The ingest-as-flushable graph appears to mirror the graph of snapshot receptions, suggesting applying a snapshot almost always result in memtable overlap. I don't understand why. I don't think we can chalk this up to an artifact of the telemetry cluster's artificial workload and split+scatters. If we're able to prevent this memtable overlap, we can likely significantly reduce w-amp (and r-amp) during snapshot reception.

Although arguably this will all be moot with the planned ingest+excise operation. Edit: This isn't true. Ingest+excise won't be able to cheaply "excise" the memtable, at least as designed. This will force all of these ingests into the non-flushable code path, forcing a "write stall" to wait for the flush to complete. I think ingest+excise actually increases the importance of avoiding these writes before ingesting the snapshot.

@jbowens
Copy link
Collaborator Author

jbowens commented May 22, 2023

I grabbed the WALs and MANIFESTs from a test cluster node.

Here's an example flushable ingest in a WAL:

4879581.log
0(48) seq=28463980876 count=6
    INGESTSST(4879575)
    INGESTSST(4879580)
    INGESTSST(4879576)
    INGESTSST(4879577)
    INGESTSST(4879578)
    INGESTSST(4879579)
EOF

and the corresponding version edit:

126468172/322036
  log-num:       4879582
  next-file-num: 4879588
  last-seq-num:  28463981903
  added:         L4 4879575:1526<#28463980876-#28463980876>[/Local/RangeID/318347/r""/0,0#28463980876,RANGEKEYDEL-/Local/RangeID/318347/s""/0,0#inf,RANGEDEL] (2023-05-22T21:34:55Z)
  added:         L0 4879580:1181<#28463980877-#28463980877>[/Local/RangeID/318347/u""/0,0#28463980877,RANGEDEL-/Local/RangeID/318347/v""/0,0#inf,RANGEDEL] (2023-05-22T21:34:55Z)
  added:         L5 4879576:2311<#28463980878-#28463980878>[/Local/Range/Table/16060/1/-248782262732346608/0,0#28463980878,RANGEKEYDEL-/Local/Range/Table/16060/1/-230353946974395008/0,0#inf,RANGEDEL] (2023-05-22T21:34:55Z)
  added:         L5 4879577:1248<#28463980879-#28463980879>[/Local/Lock/Intent/Local/Range/Table/16060/1/-248782262732346608/0,0#28463980879,RANGEKEYDEL-/Local/Lock/Intent/Local/Range/Table/16060/1/-230353946974395008/0,0#inf,RANGEDEL] (2023-05-22T21:34:55Z)
  added:         L5 4879578:1224<#28463980880-#28463980880>[/Local/Lock/Intent/Table/16060/1/-248782262732346608/0,0#28463980880,RANGEKEYDEL-/Local/Lock/Intent/Table/16060/1/-230353946974395008/0,0#inf,RANGEDEL] (2023-05-22T21:34:55Z)
  added:         L3 4879579:263676<#28463980881-#28463980881>[/Table/16060/1/-248782262732346608/0,0#28463980881,RANGEKEYSET-/Table/16060/1/-230353946974395008/0,0#inf,RANGEDEL] (2023-05-22T21:34:55Z)
126468919/322037

Judging by the fact that 4879580 is the only sstable to ingest into L0, it seems that's where the memtable overlap was:

  added:         L0 4879580:1181<#28463980877-#28463980877>[/Local/RangeID/318347/u""/0,0#28463980877,RANGEDEL-/Local/RangeID/318347/v""/0,0#inf,RANGEDEL] (2023-05-22T21:34:55Z)

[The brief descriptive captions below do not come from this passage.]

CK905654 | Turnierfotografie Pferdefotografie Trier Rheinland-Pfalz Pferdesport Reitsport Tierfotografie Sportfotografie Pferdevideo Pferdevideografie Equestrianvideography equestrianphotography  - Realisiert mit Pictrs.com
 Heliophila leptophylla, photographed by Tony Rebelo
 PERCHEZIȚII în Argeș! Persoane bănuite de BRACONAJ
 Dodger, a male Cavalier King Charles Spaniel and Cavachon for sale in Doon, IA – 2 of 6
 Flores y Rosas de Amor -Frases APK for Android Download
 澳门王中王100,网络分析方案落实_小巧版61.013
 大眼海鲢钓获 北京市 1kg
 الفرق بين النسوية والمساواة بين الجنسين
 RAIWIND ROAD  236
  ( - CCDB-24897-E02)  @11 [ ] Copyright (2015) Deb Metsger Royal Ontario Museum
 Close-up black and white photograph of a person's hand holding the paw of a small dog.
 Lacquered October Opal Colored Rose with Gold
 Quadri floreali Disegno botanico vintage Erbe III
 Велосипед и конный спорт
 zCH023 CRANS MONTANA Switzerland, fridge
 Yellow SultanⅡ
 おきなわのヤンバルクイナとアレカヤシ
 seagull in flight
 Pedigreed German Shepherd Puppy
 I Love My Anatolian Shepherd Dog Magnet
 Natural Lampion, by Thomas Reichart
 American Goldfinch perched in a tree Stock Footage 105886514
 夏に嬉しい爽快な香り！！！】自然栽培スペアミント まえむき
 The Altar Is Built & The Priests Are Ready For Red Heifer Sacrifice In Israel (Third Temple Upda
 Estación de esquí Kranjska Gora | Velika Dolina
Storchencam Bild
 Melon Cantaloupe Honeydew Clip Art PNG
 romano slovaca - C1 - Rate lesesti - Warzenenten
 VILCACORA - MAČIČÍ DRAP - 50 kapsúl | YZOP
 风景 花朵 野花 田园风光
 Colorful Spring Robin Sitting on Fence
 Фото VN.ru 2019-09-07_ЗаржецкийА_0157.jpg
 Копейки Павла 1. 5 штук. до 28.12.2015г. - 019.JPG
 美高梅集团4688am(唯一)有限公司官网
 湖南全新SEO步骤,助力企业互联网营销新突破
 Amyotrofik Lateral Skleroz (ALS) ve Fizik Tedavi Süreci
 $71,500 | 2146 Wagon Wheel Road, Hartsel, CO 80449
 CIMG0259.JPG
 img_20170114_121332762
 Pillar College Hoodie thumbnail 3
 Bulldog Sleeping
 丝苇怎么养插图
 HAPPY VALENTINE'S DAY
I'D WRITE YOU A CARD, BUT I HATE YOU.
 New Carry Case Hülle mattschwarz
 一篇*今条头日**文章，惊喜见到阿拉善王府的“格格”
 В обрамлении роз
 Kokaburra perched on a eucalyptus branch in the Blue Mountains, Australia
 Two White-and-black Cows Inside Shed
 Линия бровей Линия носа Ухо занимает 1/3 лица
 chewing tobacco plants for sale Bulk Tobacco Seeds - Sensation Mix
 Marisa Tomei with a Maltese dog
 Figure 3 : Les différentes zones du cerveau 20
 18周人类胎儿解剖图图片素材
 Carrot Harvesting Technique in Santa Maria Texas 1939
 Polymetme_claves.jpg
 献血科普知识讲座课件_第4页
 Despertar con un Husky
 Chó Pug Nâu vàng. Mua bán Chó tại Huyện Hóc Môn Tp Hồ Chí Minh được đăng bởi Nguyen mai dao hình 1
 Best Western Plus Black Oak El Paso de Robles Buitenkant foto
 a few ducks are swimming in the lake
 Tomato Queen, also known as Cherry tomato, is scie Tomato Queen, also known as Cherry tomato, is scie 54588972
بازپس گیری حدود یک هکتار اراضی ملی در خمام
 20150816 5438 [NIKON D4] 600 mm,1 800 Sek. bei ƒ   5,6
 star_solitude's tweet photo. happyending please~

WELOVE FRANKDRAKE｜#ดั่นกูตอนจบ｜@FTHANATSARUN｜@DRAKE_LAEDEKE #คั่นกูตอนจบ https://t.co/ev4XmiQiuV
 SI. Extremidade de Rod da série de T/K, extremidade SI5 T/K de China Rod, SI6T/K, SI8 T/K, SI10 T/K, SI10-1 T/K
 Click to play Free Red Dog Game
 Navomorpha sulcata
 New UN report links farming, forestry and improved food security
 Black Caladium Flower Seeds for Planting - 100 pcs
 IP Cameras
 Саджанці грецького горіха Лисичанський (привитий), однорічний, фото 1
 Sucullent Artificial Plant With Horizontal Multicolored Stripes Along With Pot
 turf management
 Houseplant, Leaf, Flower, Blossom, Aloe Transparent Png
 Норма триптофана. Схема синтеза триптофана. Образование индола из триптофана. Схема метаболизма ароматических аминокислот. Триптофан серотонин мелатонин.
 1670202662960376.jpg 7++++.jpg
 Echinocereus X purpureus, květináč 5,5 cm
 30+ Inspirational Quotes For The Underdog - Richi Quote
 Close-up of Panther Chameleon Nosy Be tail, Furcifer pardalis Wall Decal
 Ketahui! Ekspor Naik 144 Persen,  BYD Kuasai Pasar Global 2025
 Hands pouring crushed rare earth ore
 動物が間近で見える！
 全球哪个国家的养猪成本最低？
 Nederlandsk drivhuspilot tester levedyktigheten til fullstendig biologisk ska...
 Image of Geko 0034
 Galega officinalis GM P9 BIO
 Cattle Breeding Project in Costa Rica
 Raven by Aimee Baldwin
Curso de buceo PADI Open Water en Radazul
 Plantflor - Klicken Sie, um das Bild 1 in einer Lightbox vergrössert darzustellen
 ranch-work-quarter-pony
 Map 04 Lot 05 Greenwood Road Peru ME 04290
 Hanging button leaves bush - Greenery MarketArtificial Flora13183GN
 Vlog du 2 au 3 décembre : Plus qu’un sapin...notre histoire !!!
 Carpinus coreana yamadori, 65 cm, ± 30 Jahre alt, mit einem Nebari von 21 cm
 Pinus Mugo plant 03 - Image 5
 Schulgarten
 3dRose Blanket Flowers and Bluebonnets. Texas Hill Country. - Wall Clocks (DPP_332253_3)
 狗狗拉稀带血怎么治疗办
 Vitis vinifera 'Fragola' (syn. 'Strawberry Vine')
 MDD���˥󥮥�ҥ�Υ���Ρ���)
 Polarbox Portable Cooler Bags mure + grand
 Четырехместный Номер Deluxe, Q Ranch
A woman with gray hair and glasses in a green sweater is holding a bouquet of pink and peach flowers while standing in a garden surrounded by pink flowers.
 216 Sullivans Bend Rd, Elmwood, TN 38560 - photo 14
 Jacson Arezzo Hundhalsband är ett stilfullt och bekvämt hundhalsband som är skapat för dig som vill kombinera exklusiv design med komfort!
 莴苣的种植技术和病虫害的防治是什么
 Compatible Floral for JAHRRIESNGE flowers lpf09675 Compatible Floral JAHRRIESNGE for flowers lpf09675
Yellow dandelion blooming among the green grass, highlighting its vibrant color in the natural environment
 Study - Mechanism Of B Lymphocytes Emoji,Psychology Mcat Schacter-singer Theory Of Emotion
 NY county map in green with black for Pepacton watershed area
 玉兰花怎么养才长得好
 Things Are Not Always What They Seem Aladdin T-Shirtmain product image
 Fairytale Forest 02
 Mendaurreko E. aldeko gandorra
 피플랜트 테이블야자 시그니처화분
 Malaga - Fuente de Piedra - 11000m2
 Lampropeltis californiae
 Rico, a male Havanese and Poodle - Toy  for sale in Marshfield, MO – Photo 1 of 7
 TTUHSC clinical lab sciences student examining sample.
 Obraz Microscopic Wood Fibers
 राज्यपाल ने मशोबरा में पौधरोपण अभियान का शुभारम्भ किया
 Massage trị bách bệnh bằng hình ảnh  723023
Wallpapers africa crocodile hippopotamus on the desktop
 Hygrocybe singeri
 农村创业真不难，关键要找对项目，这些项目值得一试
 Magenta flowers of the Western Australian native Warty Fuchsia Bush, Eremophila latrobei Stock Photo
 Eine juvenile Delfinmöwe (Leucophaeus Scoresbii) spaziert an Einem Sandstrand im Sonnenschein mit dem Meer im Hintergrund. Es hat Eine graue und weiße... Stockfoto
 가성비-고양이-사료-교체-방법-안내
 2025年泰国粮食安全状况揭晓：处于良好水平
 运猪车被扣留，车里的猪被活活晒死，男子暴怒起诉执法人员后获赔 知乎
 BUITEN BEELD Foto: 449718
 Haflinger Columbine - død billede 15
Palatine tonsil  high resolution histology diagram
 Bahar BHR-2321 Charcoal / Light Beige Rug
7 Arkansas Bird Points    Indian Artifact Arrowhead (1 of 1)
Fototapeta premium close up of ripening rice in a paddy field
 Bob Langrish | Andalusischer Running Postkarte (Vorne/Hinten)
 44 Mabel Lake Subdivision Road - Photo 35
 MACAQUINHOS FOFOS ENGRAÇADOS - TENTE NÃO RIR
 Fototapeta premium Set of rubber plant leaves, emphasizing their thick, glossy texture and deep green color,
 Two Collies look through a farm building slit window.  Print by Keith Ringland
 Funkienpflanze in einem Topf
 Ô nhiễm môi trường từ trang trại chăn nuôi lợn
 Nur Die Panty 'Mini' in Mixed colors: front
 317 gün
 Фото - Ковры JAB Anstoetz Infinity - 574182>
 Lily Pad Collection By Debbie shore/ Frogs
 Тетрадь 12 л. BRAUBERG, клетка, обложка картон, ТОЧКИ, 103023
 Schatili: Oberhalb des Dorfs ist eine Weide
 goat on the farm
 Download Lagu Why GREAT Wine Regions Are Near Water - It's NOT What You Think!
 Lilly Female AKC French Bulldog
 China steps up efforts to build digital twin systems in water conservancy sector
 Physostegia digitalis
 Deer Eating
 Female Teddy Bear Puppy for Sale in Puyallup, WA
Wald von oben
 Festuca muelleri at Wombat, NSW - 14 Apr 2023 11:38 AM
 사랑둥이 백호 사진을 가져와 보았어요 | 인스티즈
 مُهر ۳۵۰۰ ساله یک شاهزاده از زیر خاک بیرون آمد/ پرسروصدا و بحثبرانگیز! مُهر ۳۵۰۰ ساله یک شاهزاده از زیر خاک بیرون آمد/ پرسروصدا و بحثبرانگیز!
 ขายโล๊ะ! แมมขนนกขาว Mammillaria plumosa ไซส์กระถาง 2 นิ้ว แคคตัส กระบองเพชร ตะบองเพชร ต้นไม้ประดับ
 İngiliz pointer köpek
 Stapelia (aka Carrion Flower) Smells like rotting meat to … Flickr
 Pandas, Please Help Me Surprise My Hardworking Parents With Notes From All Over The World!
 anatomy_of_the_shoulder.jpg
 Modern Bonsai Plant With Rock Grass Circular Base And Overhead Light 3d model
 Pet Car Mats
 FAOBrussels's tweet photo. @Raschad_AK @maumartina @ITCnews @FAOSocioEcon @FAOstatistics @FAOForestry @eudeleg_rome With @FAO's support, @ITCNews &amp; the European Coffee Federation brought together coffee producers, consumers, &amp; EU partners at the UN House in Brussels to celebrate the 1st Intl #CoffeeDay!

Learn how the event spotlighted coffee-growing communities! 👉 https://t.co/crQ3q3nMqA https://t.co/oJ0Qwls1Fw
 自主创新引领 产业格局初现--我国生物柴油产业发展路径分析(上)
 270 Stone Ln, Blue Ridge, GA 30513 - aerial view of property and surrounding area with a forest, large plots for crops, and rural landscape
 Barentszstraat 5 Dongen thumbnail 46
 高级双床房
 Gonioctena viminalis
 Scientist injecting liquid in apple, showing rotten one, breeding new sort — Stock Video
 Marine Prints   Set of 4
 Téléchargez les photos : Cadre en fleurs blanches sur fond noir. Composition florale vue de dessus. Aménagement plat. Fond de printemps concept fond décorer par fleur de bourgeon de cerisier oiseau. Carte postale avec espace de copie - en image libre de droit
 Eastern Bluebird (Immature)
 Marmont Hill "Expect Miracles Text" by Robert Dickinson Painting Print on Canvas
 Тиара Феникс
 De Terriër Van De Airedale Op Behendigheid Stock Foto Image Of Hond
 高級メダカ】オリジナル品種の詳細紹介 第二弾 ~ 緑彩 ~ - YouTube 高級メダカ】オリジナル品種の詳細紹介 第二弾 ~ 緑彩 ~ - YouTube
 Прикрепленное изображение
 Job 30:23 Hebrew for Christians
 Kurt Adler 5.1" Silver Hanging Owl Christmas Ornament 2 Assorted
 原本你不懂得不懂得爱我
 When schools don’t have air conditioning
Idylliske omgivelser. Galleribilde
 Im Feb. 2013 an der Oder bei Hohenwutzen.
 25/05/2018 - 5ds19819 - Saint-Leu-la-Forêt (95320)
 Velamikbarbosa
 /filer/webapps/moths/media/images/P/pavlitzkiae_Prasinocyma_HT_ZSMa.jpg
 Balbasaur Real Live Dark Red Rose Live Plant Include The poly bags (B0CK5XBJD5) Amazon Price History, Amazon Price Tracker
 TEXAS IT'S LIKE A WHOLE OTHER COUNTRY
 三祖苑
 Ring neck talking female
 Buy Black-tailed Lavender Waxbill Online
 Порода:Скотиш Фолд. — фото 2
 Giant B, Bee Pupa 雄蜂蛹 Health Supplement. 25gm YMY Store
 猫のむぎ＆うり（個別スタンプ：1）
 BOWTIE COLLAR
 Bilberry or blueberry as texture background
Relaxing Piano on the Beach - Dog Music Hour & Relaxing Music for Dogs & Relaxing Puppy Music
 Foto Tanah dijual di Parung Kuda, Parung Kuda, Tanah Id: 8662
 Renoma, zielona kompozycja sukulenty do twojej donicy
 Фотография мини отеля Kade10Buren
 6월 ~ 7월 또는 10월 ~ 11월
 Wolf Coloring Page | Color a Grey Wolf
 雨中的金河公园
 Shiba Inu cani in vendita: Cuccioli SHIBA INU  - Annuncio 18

In the final 1% of the previous WAL 4879549.log, there are two batches containing overlapping keys:

12083692(48) seq=28463980624 count=1
    SET(/Local/RangeID/318347/u"rftr"/0,0,Term:0 Index:0 Type:6 : EMPTY
)
12084163(52) seq=28463980626 count=1
    SET(/Local/RangeID/318347/u/RaftHardState/0,0,Term:0 Index:0 Type:7 : EMPTY
)

Are these keys expected to be written before the replica's snapshot is ingested? Is there someway we could avoid writing them until the snapshot has been ingested?

@erikgrinaker
Copy link
Contributor

@pavelkalinnikov Can you have a look at the above?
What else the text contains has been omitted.